--- About this exercise ---
Set down exactly the lines below between the line holding "PA license plate MQP7694" and the line holding "Boho Off Shoulder", inclusive; no other line belongs in the answer.

--- Exercise inputs ---
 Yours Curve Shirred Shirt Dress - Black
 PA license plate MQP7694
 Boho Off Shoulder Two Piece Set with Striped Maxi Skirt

---

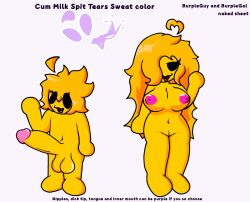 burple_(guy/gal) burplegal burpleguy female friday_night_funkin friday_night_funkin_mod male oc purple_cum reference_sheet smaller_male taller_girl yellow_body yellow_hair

* * *

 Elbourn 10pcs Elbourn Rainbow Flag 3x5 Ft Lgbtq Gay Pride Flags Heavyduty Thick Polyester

--- Result of the exercise ---
 PA license plate MQP7694
 Boho Off Shoulder Two Piece Set with Striped Maxi Skirt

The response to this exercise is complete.